Sn-doped ZnO nanostructure deposited with free-catalyst chemical vapor deposition route: optical, electrical and photocatalytic properties

In this work, the free-catalyst chemical vapor deposition technique is used for synthesizing SnxZn1-xO, x = 0.00, 0.02, 0.04, 0.06, and 0.08 nanostructures. X-ray diffraction analysis demonstrates that all of the samples have crystallized into a pure hexagonal-wurtzite structure without any impurities or secondary phases. The effect of adding Sn on the structural parameters, including crystallite size, bond length, lattice strain, unit cell, volume, and dislocation density of ZnO, is studied.

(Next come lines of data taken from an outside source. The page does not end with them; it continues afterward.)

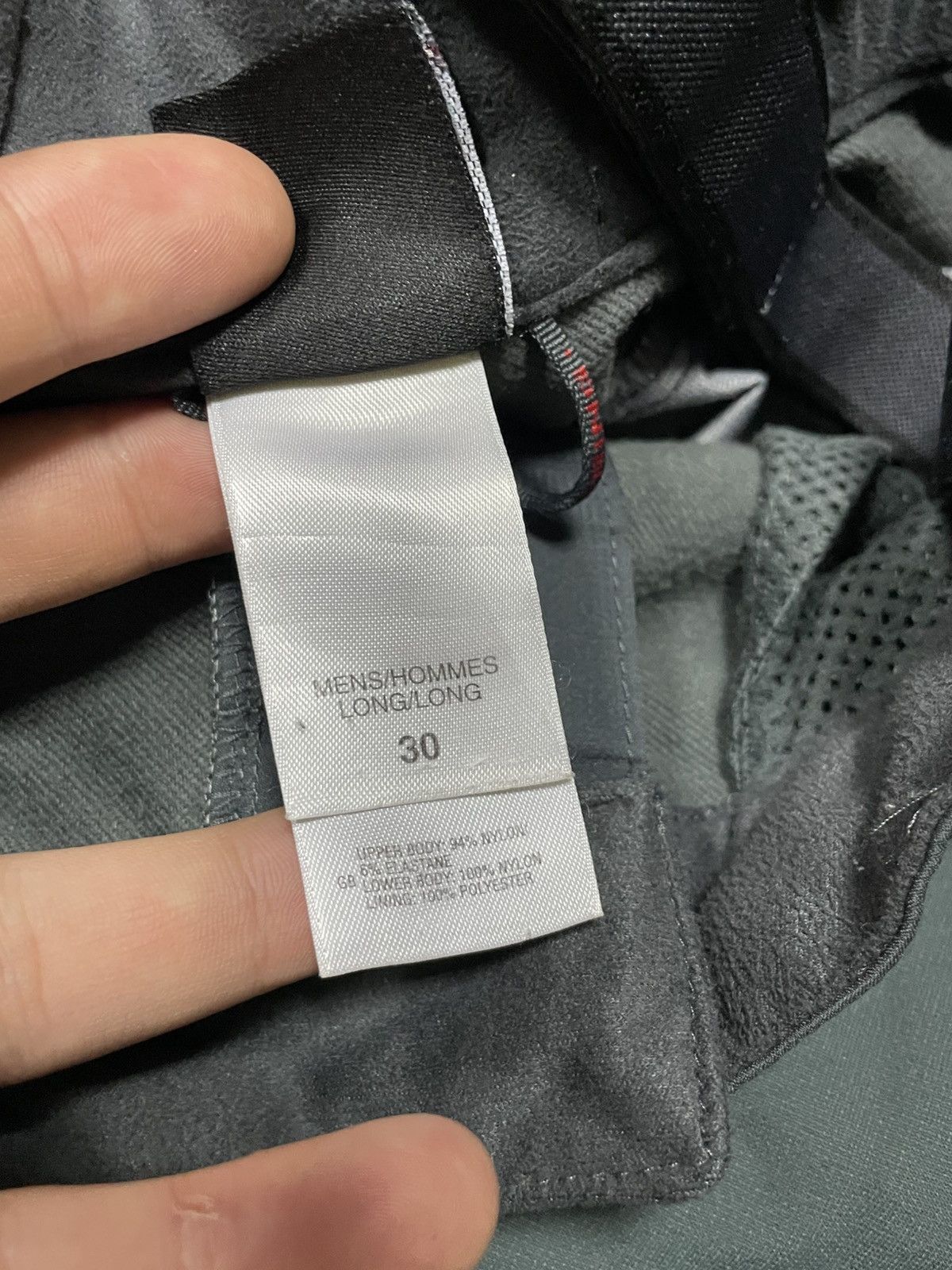 Vintage TNF The North Face vintage overalls ski snow pants apex Size US 30 / EU 46 - 6 Thumbnail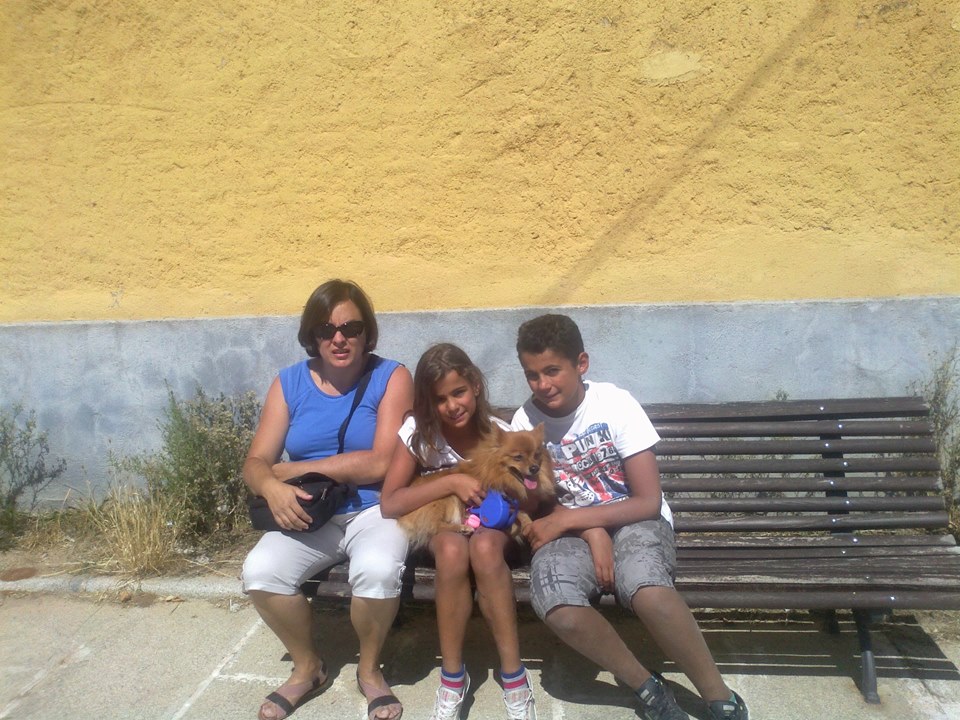 SIRA ADOPTADA!!!!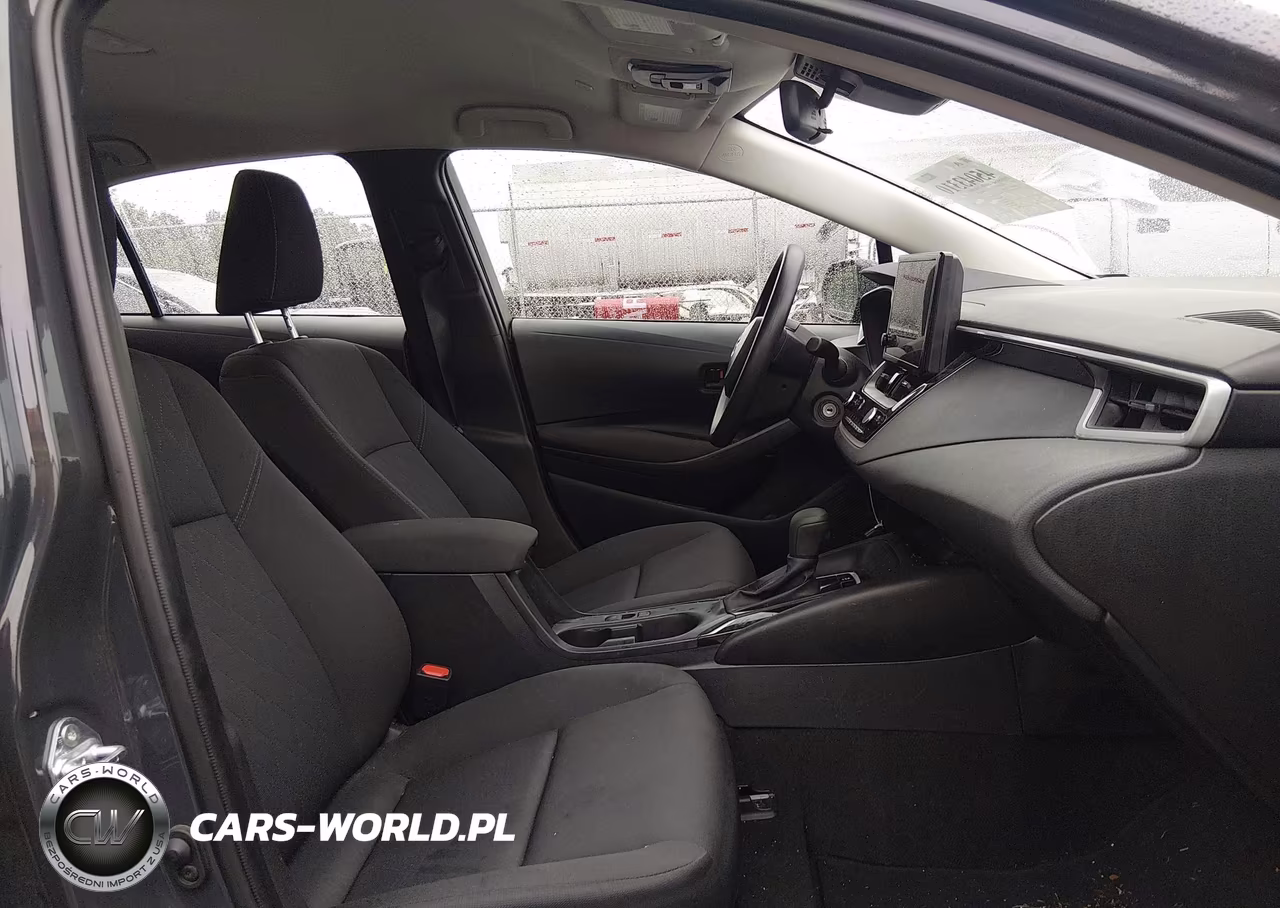 2026 Toyota Corolla Le VIN:5YFB4MDE4TP367424 - 5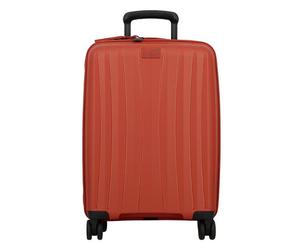 Jump Enais 4 ruote Carrello della cabina 55 cm arancia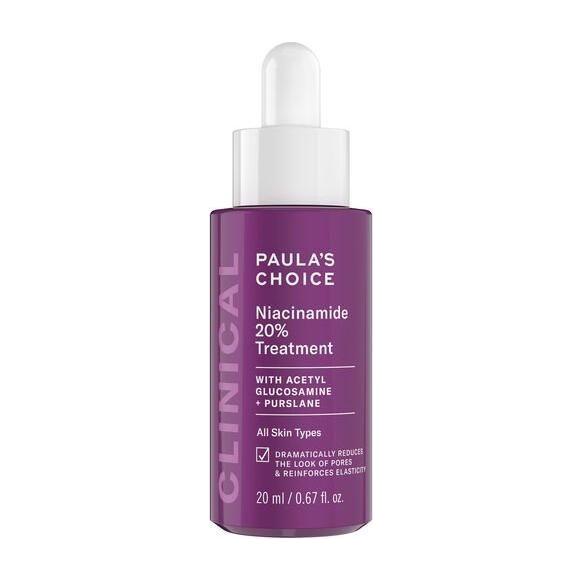 Paula's Choice Clinical 20% Niacinamide Treatment (20ml) - Glam Global UKPaula's Choice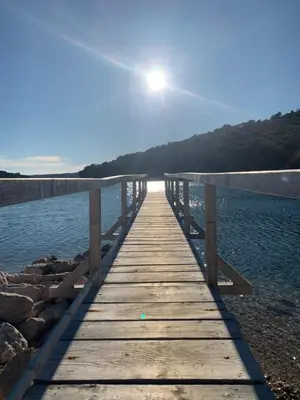 Priroda u blizini apartmana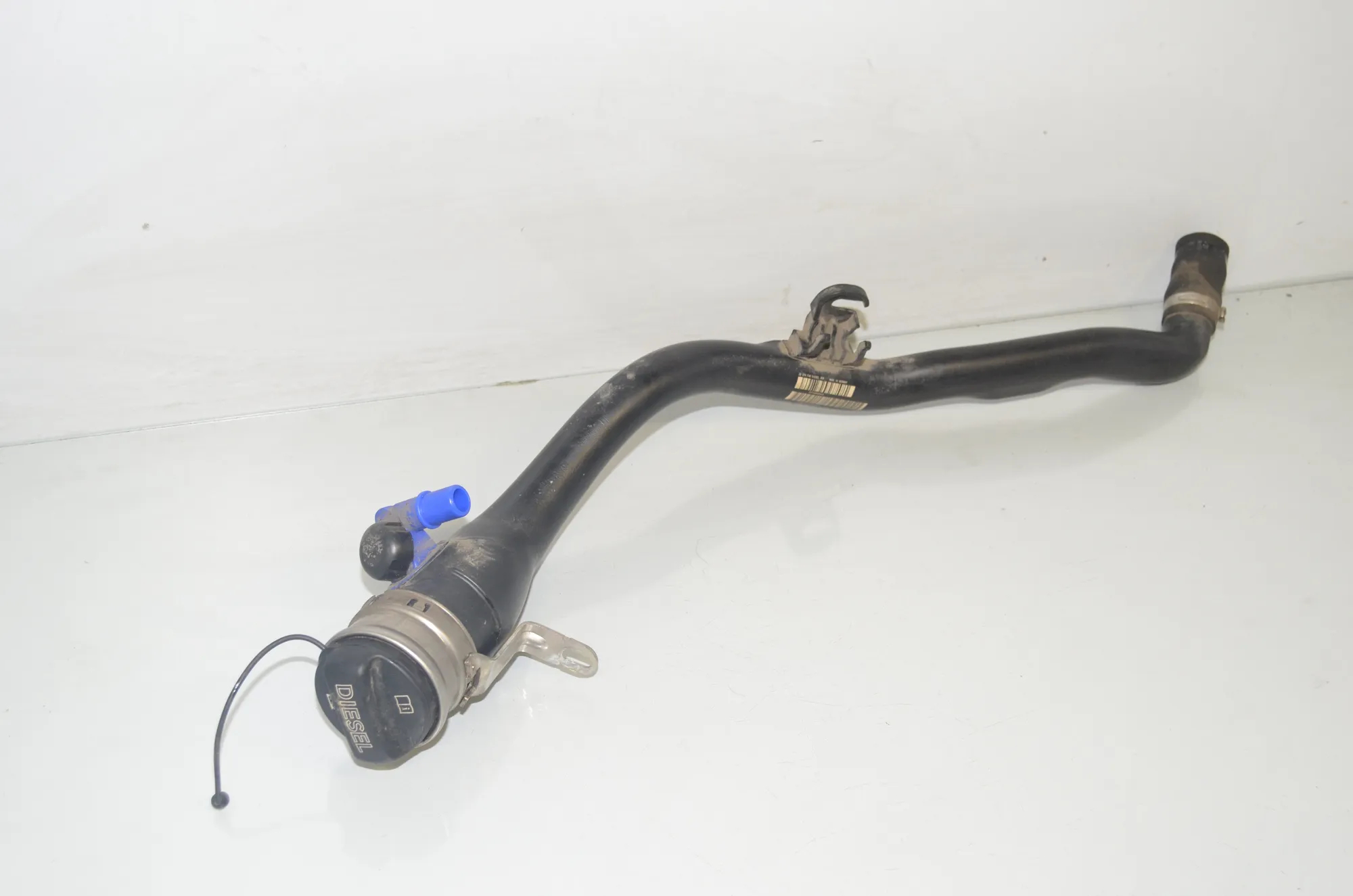 Fuel Tank Pipe – OEM 7458658 · BMW 1 (F40) (2019 - -) (F40)118d 2020 – 3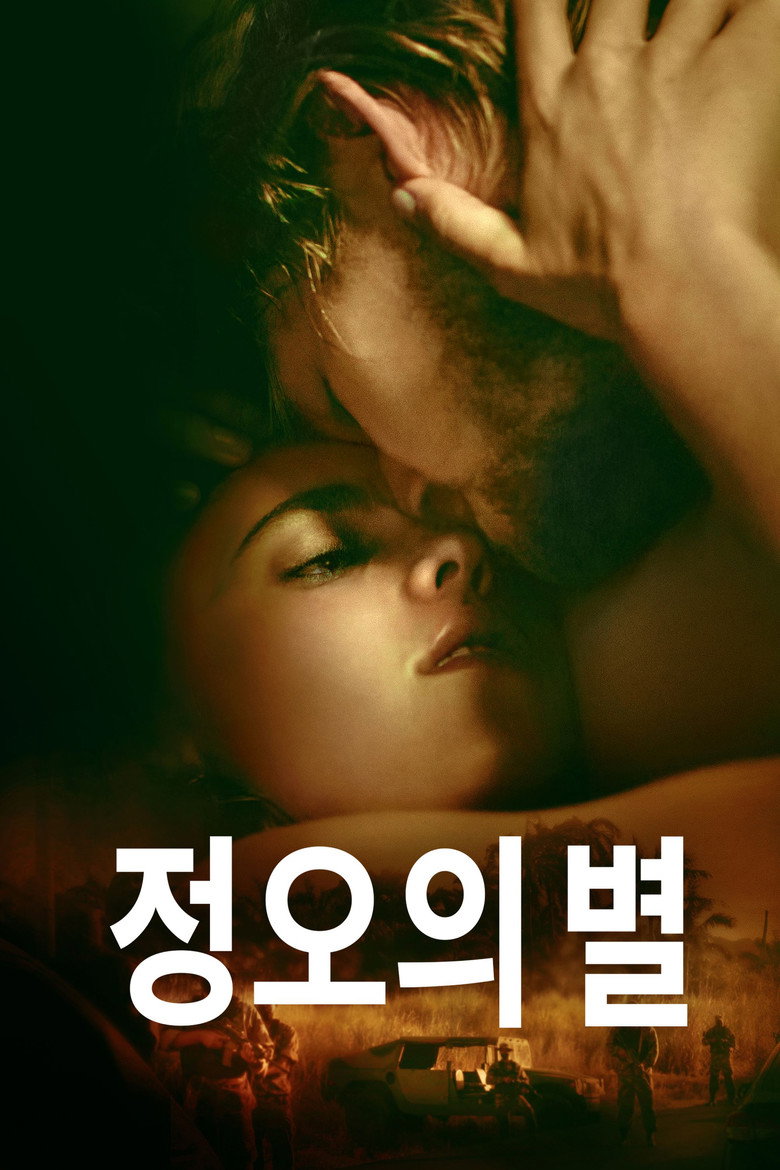 정오의 별(Stars at Noon) poster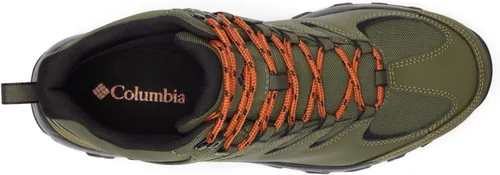 Vista 8 de Columbia Men's Buxton Peak Mid Ii Hiking Shoe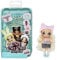 Na Na Na Surprise Minis Serie 2 - Muñeca de Moda 10 cm - Envase Misterioso con Sorpresa de Confeti - Incluye muñeca articulada, Conjunto y Zapatos - Gran Regalo para niños y niñas Mayores de 4 años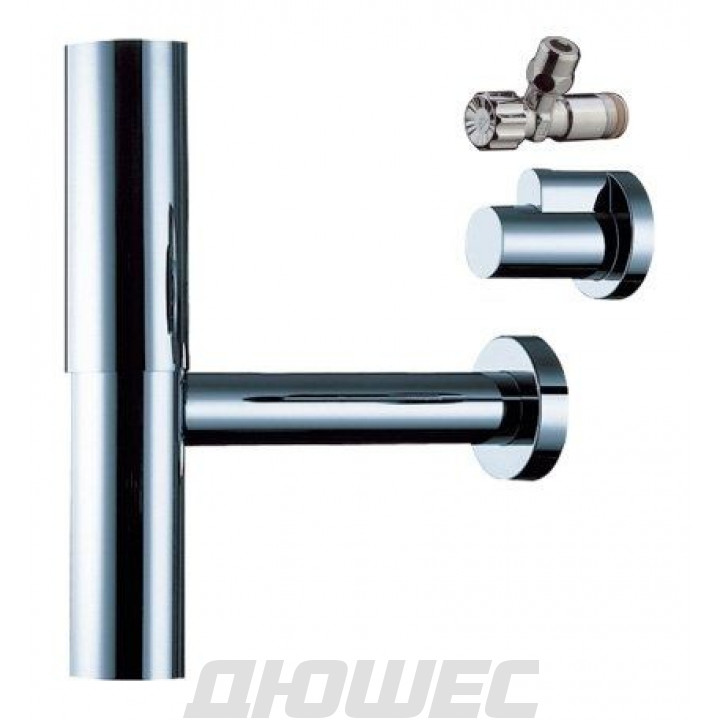 Сифон для раковины Hansgrohe Flowstar 52120000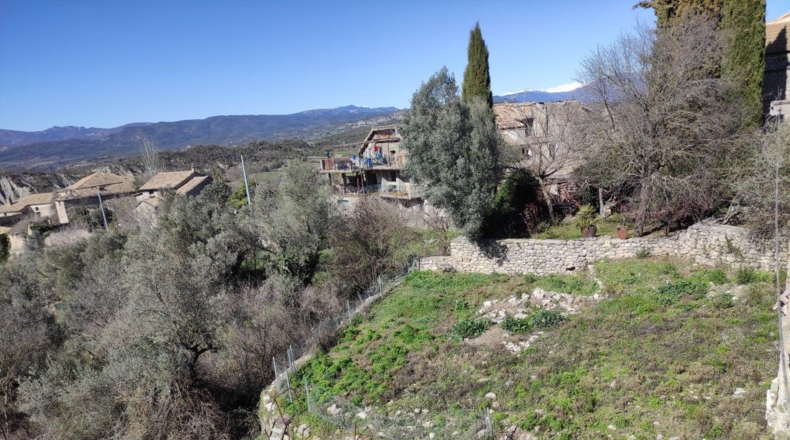 Huesca - Aínsa - 300m2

Electron microscopy investigation proves that increasing the Sn concentration is associated with a transformation in the morphology from needles- to flakes-like shape. A blue shift in the optical energy gap is observed when Sn4+ cations are incorporated into the ZnO network structure, according to the UV-visible spectra in coincidence with the Burstein-Moss model. The electrical conductivity measurements reveal typical semiconductor features of the synthesized nanostructures where the thermally activated electrical conduction mechanism dominates. The photocatalytic mechanism is defined, and the rate constants and photodegradation efficiency are calculated. It is found that the photocatalytic properties are improved at an optimum doping ratio rather than rising linearly with the doping level. The Sn0.04Zn0.96O compound demonstrates the best photocatalytic capacity when exposed to UV light and attains the maximum degradation efficacy of 63.8% after irradiation for 180 min (photodegradation rate constant of 5.2 x 10-3).